改変したプロセススキームの効果を2つの例によって例証する。
【0067】
本発明に従う例1は、図2に従う方法を含み、ここでは、反応性のパイロリシス油供給原料が、エジェクターによる、安定化された組成物のリサイクルを伴って、安定化反応器中で水素化され、次いで、さらなる水素化脱酸素が続く。
【0068】
表1には、例1(図2)についての流量および温度が示されている。リサイクルとフレッシュな供給材料との間の比は2:1である。ストリーム212、および従って安定化反応器(HYD)は、この組み合わされた流れに対応するサイズ、すなわち、リサイクルの添加なしで必要とされるサイズの3倍のサイズを有していなければならないことがわかる。安定化反応器の外の温度は260℃であるが、安定化された供給原料中の残りの反応性は十分に低く、その結果、反応暴走および触媒コーキングが回避されるレベルで水素化脱酸素温度を維持するために、さらなるリサイクルを必要とせずに温度制御を取り扱うことができる。最終反応器では、22℃という中程度の発熱で異性化が行われる。リサイクルは、8MPaから7MPaへのインジェクターにわたる供給原料の圧力の中程度の喪失によって駆動され、最後の2つの反応器への流量は小さい。
【0069】
従来技術に従う例2は、図3に従う方法を含み、ここでは、反応暴走及び触媒コーキングが回避されるレベルに水素化脱酸素温度を維持するために、反応性供給原料は、ポンプによる生成物リサイクルを伴って、水素化脱酸素反応器において水素化される。
【0070】
表2には、例2についての流量および温度が示されている。生成物リサイクルと水素化脱酸素反応器への供給材料との間の比は2:1である。最終反応器では、22℃という中程度の発熱で異性化が行われる。この例では、必要な供給原料圧力はほんの7MPaである。このレイアウトは、安定化反応器(HYD)を回避するが、水素化脱酸素反応器および異性化反応器および他の装置をリサイクルするために、例1と比較してサイズを著しく増加させた。
【0071】
全体として見ると、図3に従う方法は必要な反応器が1つ少ないが、反応器の全体積、および従って資本的支出はより高い。さらに、リサイクル油ポンプのためのエネルギー要件は、第1の例においてエジェクターへの供給原料を加圧するためのエネルギー要件よりも高くなる。最後の2つの反応器の体積の低下はまた、これらの反応器における内部およびガードベッド体積の節約、ならびに熱交換器および他の支持装置のより小さいサイズをもたらす。これらの例は、温度制御が、2つの例の化学的作用を類似させるために十分であることを示す。
【0072】
【表1】
【0073】
【表2】
図1
図2
図3
【手続補正書】
【提出日】2024-07-03
【手続補正1】
【補正対象書類名】明細書
【補正対象項目名】0006
【補正方法】変更
【補正の内容】
【0006】
今回、初期反応器のみに高いリサイクル比が導入される場合に、プロセスの残部のプロセス装置サイズの関連する増加を引き起こすことなく、リサイクルの利点を実現できることが示された。

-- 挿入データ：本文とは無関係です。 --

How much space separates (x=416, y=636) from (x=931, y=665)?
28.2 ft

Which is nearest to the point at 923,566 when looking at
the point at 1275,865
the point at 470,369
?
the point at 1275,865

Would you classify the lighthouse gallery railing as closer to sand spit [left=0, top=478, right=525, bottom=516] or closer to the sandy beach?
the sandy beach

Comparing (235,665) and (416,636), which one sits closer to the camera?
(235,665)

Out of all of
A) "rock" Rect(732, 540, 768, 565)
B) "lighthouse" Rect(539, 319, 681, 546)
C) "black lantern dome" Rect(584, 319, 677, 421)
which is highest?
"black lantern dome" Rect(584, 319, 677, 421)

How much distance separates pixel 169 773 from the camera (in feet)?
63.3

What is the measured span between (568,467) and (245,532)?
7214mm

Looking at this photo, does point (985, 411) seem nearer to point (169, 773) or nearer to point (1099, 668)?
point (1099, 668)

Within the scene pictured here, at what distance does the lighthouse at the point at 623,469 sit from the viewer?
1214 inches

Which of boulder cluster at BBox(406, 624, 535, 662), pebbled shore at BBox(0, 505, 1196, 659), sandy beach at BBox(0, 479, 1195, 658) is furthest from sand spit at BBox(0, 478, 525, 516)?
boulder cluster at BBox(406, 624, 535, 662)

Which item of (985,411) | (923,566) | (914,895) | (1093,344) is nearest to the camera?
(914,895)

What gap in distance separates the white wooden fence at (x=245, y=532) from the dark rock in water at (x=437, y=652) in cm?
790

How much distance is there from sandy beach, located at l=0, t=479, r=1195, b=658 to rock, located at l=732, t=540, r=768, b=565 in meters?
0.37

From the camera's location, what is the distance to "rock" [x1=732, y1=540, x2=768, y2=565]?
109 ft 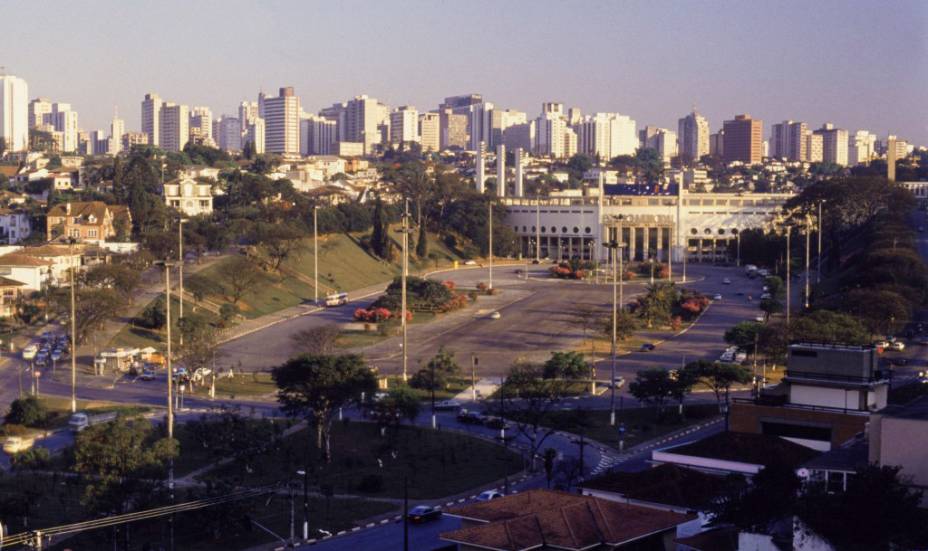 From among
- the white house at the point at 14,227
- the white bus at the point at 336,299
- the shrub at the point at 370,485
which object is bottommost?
the shrub at the point at 370,485

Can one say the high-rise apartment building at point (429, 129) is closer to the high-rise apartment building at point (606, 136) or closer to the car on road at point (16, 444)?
the high-rise apartment building at point (606, 136)

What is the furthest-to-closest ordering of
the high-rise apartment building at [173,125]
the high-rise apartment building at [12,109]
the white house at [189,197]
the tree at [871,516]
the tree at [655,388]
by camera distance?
the high-rise apartment building at [173,125], the high-rise apartment building at [12,109], the white house at [189,197], the tree at [655,388], the tree at [871,516]

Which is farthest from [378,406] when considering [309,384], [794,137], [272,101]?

WO2017/218577A1、US2013/0152454A1およびUS2013/0255138A1には、この分野におけるプロセスが開示されている。
【手続補正書】
【提出日】2024-10-22
【手続補正1】
【補正対象書類名】明細書
【補正対象項目名】0065
【補正方法】変更
【補正の内容】
【0065】
特に、全ての図における第1の分別器は、有利には、ストリッパーによって置き換えられてよく、これは、特に高められた温度および圧力で運転される場合に、運転コストを低減し、なぜなら、ストリッパーの下流での再加熱および再加圧が必要とされないかまたは最小限に抑えられるためである。
なお、本願は、特許請求の範囲に記載の発明に関するものであるが、他の態様として以下も包含し得る。

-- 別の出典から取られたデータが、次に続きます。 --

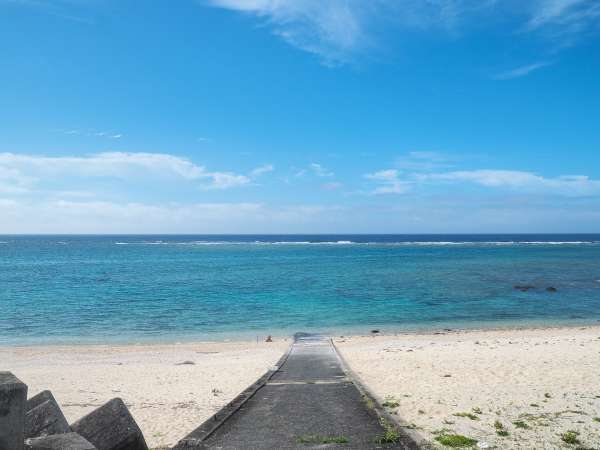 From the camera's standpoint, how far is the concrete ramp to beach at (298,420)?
25.7 ft

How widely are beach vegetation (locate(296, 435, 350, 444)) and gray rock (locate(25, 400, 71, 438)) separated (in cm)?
383

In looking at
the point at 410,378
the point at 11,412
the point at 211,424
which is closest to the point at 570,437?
the point at 211,424

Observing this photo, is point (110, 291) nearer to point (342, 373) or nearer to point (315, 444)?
point (342, 373)

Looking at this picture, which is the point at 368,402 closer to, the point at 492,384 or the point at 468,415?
the point at 468,415

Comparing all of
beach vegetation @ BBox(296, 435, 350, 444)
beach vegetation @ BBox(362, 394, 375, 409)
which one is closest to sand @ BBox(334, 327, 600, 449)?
beach vegetation @ BBox(362, 394, 375, 409)

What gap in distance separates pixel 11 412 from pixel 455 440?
22.5 feet

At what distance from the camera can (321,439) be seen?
8.05 m

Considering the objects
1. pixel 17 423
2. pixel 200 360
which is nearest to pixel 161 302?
pixel 200 360

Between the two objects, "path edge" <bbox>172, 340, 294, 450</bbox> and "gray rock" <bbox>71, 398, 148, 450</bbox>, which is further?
"path edge" <bbox>172, 340, 294, 450</bbox>

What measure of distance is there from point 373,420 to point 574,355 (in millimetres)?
12209

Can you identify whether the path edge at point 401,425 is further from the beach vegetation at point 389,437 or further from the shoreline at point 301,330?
the shoreline at point 301,330

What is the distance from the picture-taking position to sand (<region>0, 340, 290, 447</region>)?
1141 centimetres

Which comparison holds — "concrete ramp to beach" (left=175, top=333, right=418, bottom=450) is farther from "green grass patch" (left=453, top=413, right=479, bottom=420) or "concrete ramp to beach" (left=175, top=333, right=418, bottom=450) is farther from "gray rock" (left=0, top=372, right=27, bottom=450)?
"gray rock" (left=0, top=372, right=27, bottom=450)

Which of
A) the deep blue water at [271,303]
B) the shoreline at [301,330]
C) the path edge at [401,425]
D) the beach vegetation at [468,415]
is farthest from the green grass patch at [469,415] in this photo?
the deep blue water at [271,303] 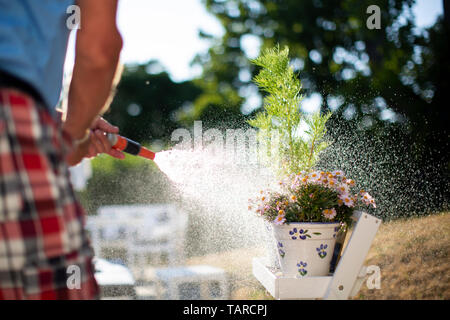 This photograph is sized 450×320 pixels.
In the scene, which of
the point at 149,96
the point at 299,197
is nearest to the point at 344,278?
the point at 299,197

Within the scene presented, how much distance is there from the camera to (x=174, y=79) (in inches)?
511

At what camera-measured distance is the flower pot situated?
1855mm

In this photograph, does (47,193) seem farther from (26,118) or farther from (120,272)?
(120,272)

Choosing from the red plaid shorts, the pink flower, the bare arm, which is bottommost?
the pink flower

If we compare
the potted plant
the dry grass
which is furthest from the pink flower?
the dry grass

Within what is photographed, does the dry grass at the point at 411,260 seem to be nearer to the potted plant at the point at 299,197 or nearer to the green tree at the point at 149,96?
the potted plant at the point at 299,197

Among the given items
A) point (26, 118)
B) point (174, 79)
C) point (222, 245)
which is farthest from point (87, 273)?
point (174, 79)

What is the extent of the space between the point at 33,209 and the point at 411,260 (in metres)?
2.46

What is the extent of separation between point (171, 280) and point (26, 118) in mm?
3220

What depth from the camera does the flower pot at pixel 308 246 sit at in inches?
73.0

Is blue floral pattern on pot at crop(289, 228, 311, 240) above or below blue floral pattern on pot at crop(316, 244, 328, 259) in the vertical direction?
above

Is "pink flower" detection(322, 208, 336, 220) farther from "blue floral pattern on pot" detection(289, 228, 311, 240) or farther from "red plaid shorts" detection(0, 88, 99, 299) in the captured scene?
"red plaid shorts" detection(0, 88, 99, 299)

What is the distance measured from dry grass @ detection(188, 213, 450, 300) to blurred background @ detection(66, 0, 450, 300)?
0.17 meters

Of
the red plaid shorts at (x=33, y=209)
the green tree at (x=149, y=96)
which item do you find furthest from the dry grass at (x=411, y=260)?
the green tree at (x=149, y=96) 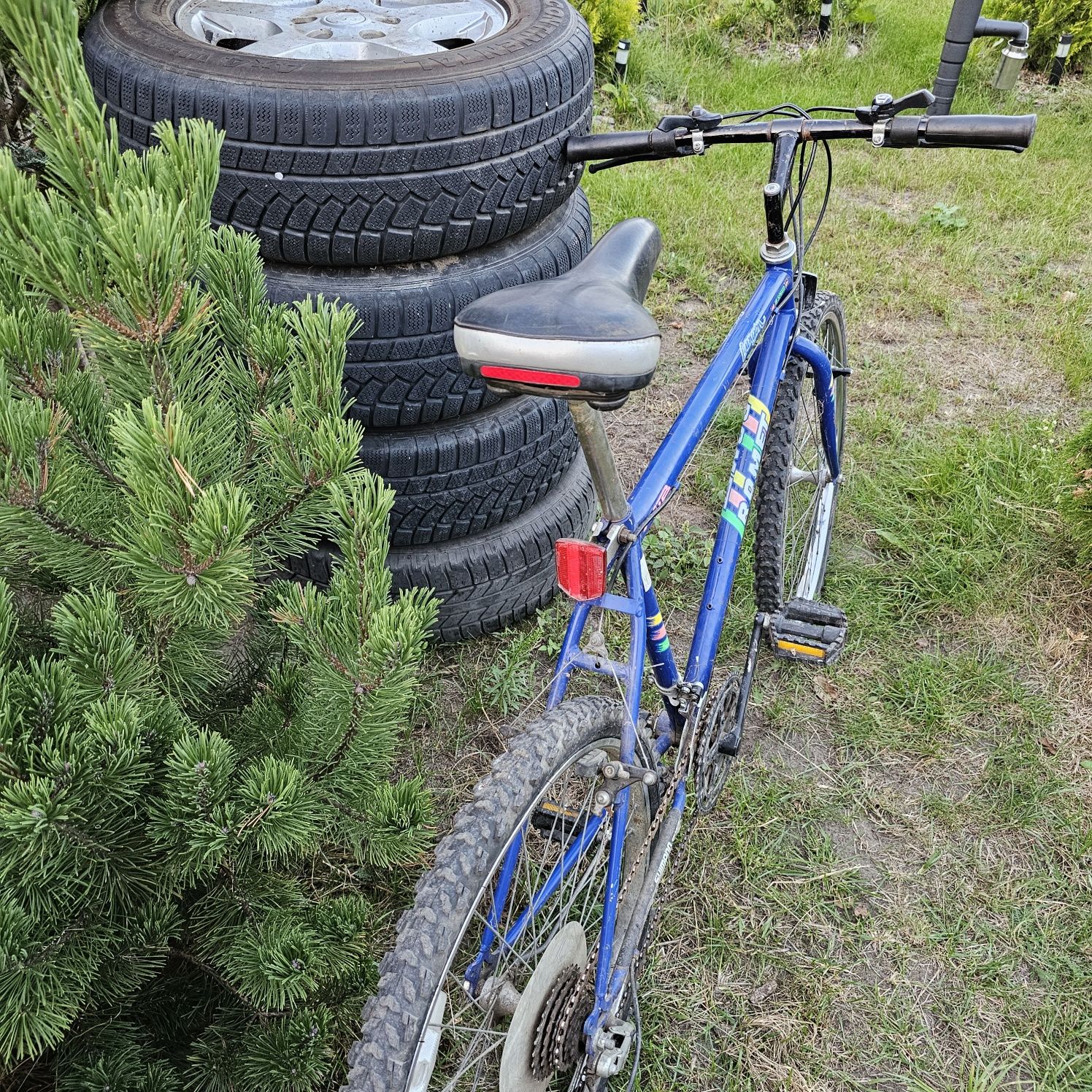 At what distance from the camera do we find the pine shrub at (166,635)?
1037mm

1.少なくとも40重量%の炭素を含有する反応性液体供給原料ストリームの、安定化された組成物への転化のための方法であって、
a.希釈用ストリームと前記反応性液体供給原料ストリームを、第1の水素消費ポテンシャルを有する組み合わされたストリームとして、二水素の存在下、運転の間に少なくとも80℃の最低温度および250℃未満の最高温度を有する水素化処理において触媒的に活性な材料と接触するように導くステップ、
b.第1の水素消費ポテンシャルの80%未満かつ10%超である第2の組み合わされた水素消費ポテンシャルを有する安定化された組成物ストリームを取り出すステップ、
c.前記の安定化された組成物ストリームの液相のうちのある量を、前記希釈用ストリームとして提供するステップ、
を含み、
組成物に関する前記の水素消費ポテンシャルが、当該組成物を飽和炭化水素に転化するのに必要な水素の量として理解される、前記方法。
2.反応性液体供給原料ストリームが、少なくとも5重量%のO、少なくとも10重量%のOまたは少なくとも25重量%のOを含有する、上記1に記載の方法。

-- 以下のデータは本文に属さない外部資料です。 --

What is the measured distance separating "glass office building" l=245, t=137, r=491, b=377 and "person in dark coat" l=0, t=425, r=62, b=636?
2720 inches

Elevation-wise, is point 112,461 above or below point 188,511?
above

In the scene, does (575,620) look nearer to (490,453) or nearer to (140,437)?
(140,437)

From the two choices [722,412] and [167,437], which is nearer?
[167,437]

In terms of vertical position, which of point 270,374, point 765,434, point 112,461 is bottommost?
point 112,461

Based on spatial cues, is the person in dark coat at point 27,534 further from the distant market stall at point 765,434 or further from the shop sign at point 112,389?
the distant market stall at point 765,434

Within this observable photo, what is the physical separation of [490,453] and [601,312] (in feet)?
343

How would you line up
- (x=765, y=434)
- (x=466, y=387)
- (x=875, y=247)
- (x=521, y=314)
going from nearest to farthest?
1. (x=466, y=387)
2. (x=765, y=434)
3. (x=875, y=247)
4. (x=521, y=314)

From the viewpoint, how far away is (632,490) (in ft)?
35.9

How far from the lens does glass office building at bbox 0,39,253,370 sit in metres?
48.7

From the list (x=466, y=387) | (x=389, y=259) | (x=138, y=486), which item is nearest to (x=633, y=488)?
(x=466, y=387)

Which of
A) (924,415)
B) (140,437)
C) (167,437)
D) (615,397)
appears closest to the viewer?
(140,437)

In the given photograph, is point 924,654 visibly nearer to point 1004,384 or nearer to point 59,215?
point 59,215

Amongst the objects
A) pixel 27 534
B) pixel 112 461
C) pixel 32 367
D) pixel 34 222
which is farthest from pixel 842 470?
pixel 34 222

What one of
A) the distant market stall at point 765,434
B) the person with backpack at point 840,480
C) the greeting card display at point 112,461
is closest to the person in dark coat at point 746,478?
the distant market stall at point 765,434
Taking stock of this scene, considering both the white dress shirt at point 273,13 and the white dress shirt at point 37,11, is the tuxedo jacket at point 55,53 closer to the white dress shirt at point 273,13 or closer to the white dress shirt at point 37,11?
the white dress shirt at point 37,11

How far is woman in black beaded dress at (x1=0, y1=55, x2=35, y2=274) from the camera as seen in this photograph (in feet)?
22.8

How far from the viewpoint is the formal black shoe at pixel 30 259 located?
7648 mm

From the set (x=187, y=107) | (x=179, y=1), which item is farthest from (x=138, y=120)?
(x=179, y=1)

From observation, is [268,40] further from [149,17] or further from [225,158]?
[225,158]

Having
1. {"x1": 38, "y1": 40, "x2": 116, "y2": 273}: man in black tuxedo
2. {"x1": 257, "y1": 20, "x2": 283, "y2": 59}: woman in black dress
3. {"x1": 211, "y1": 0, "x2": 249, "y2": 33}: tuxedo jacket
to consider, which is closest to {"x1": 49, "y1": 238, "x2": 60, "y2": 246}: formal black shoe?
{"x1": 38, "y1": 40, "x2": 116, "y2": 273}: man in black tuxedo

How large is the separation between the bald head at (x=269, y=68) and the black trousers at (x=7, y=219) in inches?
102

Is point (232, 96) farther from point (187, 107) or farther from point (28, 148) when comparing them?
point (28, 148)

3.反応性液体供給原料ストリームが、少なくとも0.5モル/kg、少なくとも1.0モル/kgまたは少なくとも2.5モル/kgのカルボニル含有率を有する、上記1または2に記載の方法。
4.熱分解プロセスにおける反応性液体供給原料ストリームの形成が、ステップaに先行する、上記1、2または3に記載の方法。
5.組み合わされた液相および気相ストリームが、安定化された組成物ストリームからオーバーフローによって取り出され、前記希釈用ストリームがフロー制御によって取り出される、上記1、2、3または4に記載の方法。
6.希釈用ストリームが被駆動流体として、加圧された反応性液体供給原料ストリームを駆動流体として受け取るエジェクターポンプに導かれる、上記1、2、3、4または5に記載の方法。
7.希釈用ストリームと反応性液体供給原料ストリームとの間の全重量比が、少なくとも1:1、例えば2:1または3:1または4:1である、上記1、2、3、4、5または6に記載の方法。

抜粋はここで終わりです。